MacはOS X以前のシステムコールを利用するマルウェアに遭遇している

Malwarebytesは、バイオメディカル研究施設を標的とする「Fruitfly」と呼ばれるMacマルウェアの脅威を発見しました。しかし、Fruitflyは少なくとも2014年から存在していた可能性があり、OS XやmacOSよりも古いシステムコールにも依存しているため、新しいマルウェアと呼ぶのは適切ではないかもしれません。

Fruitfly（別名OSX.Backdoor.Quimitchin）は、被害者のMacからスクリーンショットとシステムの稼働時間を取得し、リモートサーバーにアップロードするほか、ウェブカメラへのアクセスも試みます。このマルウェアが古いコードに依存していることが、検知に時間がかかった要因と考えられます。

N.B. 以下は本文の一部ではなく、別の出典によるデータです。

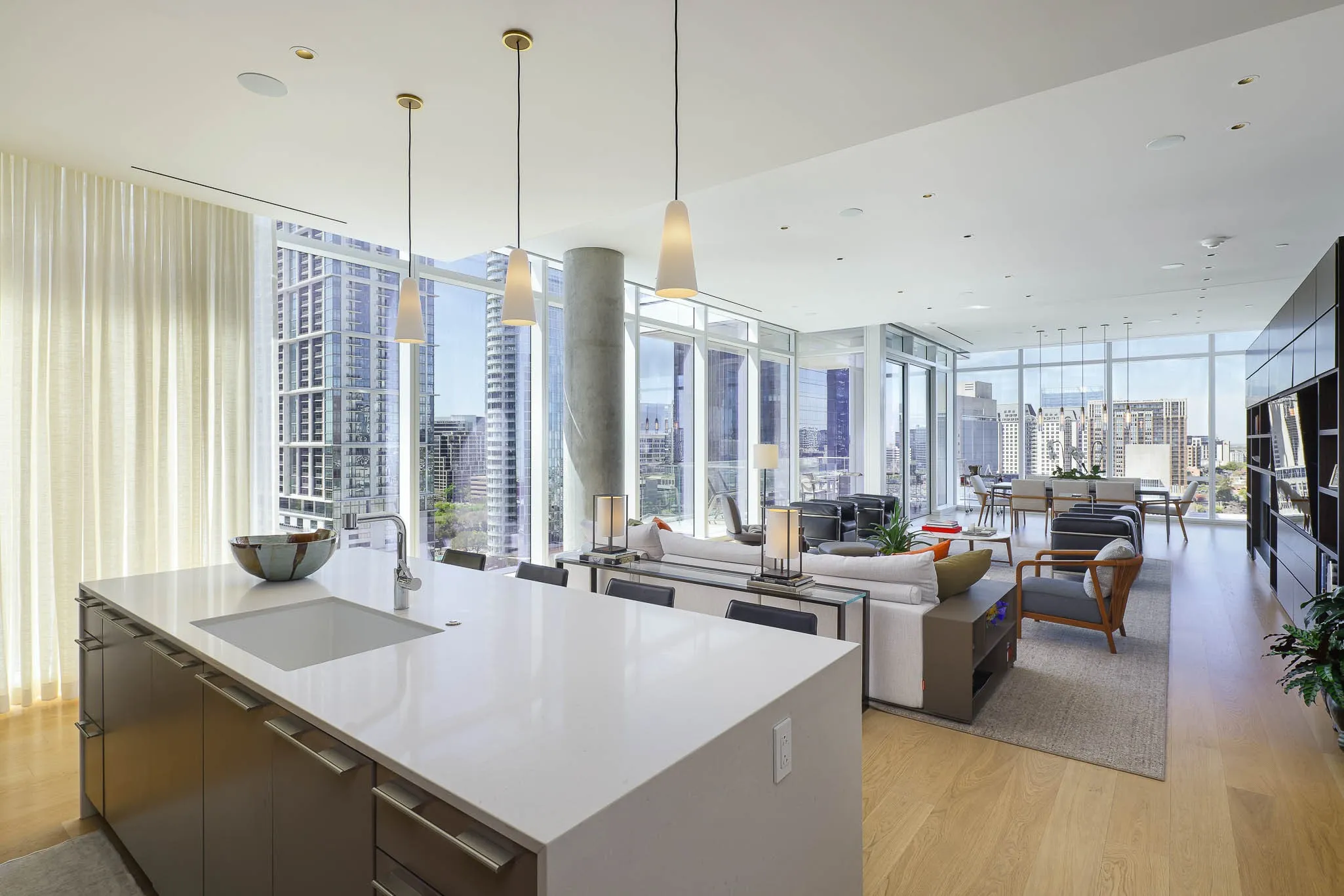 Condominium For Sale in Dallas County , 1747 Leonard Street 1102, Dallas, Texas 75201, 3 Bedrooms, 4 Bathrooms, 3 Garage spaces, 3,677 Sqft, built in 2017, Preowned, Price $4,450,000, mls#21180012, Real Estate Agent in Dallas, Homes For Sale in Dallas county, Homes For Sale in Dallas, Realtor in Dallas Texas, Real Estate Brokerage Independent Realty Texas, Luminita Cordes Realtor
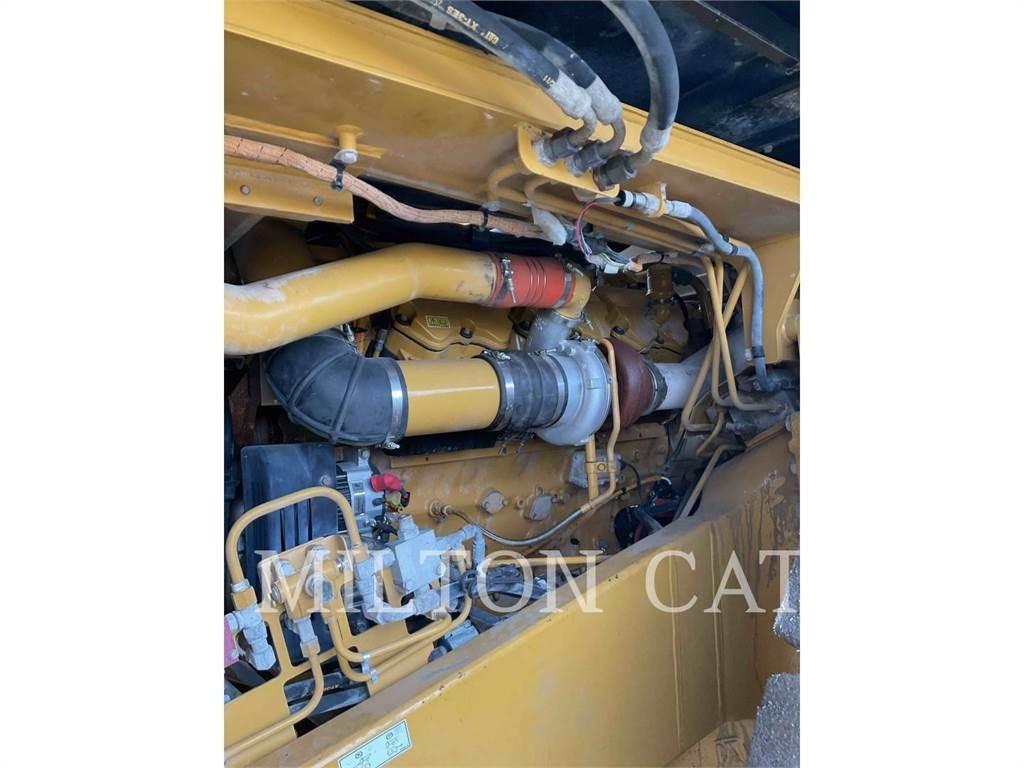 CAT 775F Kloubové dempry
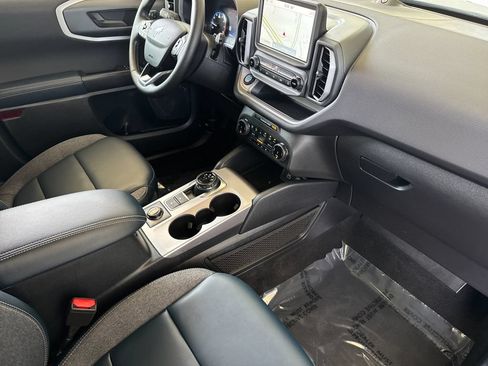 Used 2024 Ford Bronco Sport Outer Banks w/ Tech Package AWD/4WD image 15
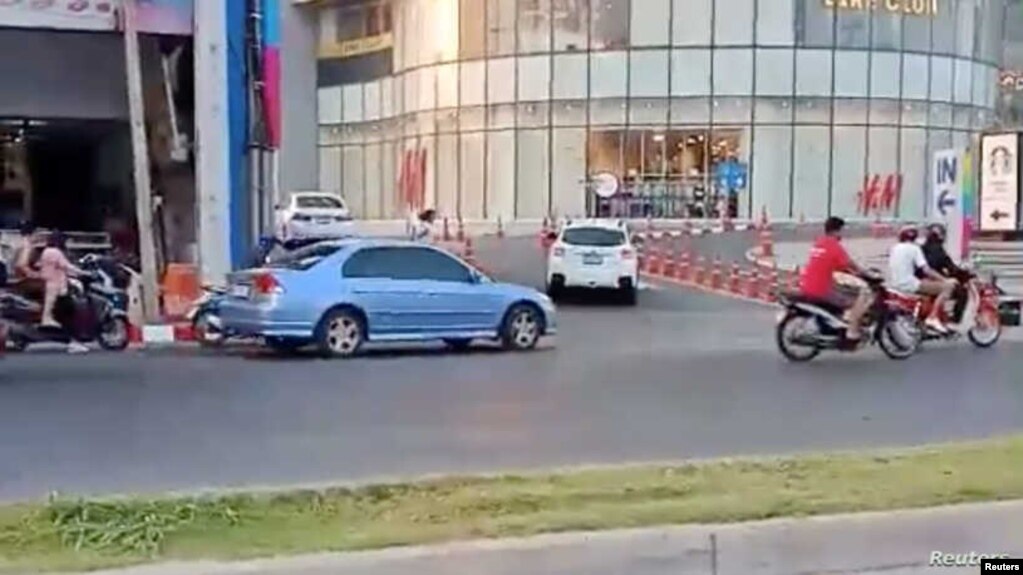 Tajlandë, të paktën 20 të vrarë pas një sulmi me armë zjarri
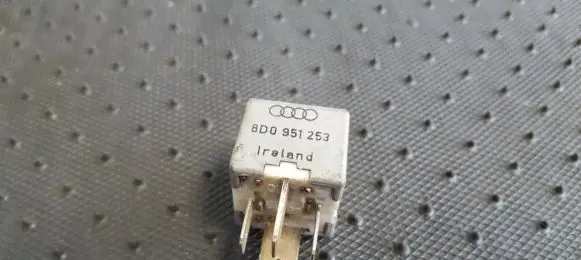 Audi A4 S4 B5 8D Other relay 8D0951253 899312000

「2017年最初のMacマルウェアは、あるIT管理者が特定のMacから不審なネットワークトラフィックを発見したことで私の注意を引いたのです」と、Malwarebytesのトーマス・リード氏は述べています。「これがきっかけで、これまで見たことのないマルウェアが発見されました。このマルウェアは、実際にはかなり前から検知されずに存在していたようで、バイオメディカル研究センターを標的にしているようです。」

同氏によると、ファイルのタイムスタンプが2015年からであること（同氏はタイムスタンプが偽造される可能性があると指摘）と、コード内に2014年にリリースされたOS X Yosemite向けにアップデートされたことを示す記述があることから、マルウェアの寿命が長いと推定したという。

彼はこう付け加えた。

もちろん、もう一つの手がかりは、一部のコードの古さです。これは、このマルウェアが数十年前に遡ることを示唆する可能性があります。しかし、コードの古さをマルウェアの古さの指標として過度に重視すべきではありません。

ハッカーが攻撃を難読化するために古いシステムコールを使用していたか、新しいシステムコールが利用可能であることに気付かないほど Mac に精通していなかった可能性があります。

Fruitflyを誰が使っているのか、またどのようにして被害者のコンピュータにコードを送り込んでいるのかは不明です。ロシアと中国のハッカーが米国と欧州の生物医学研究に関心を示していることを考えると、彼らが関与していると推測するのは容易ですが、現時点でそれを裏付ける証拠はありません。

AppleはFruitflyの存在を認識しており、Macユーザーを保護するためにGatekeeperのアップデートを既にリリースしています。このアップデートは、インターネット接続時に自動的にユーザーに配信されるため、App Storeアプリでシステムアップデートを確認する必要はありません。